=== WHAT YOU WILL DO ===
Considering every line below, count those with the word "more" and give only the result.
*** RECORDS PROVIDED
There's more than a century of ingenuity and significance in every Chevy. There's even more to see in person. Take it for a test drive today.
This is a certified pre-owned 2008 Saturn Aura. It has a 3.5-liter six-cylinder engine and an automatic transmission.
******
*** RECORDS PROVIDED
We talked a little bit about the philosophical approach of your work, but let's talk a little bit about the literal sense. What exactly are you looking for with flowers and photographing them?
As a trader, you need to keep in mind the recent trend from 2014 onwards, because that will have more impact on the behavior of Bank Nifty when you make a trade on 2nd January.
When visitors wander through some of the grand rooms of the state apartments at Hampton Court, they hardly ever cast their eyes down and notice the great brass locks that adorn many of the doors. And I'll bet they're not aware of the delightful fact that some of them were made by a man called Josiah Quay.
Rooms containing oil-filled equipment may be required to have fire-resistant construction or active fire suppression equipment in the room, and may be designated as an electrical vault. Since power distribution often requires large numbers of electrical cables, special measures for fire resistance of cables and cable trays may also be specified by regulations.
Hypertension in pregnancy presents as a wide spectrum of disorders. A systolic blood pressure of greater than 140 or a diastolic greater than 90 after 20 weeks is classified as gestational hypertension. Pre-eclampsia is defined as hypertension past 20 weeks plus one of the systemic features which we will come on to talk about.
******
*** RECORDS PROVIDED
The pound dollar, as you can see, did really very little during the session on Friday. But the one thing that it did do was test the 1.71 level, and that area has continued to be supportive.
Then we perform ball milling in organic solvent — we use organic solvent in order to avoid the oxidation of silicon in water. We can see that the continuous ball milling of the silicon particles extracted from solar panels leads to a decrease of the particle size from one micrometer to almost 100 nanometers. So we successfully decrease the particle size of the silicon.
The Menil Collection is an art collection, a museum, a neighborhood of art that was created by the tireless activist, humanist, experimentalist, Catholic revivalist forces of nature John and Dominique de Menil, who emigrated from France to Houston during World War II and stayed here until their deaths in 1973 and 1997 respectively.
******
=== ANSWER TO THE PROBLEM ===
2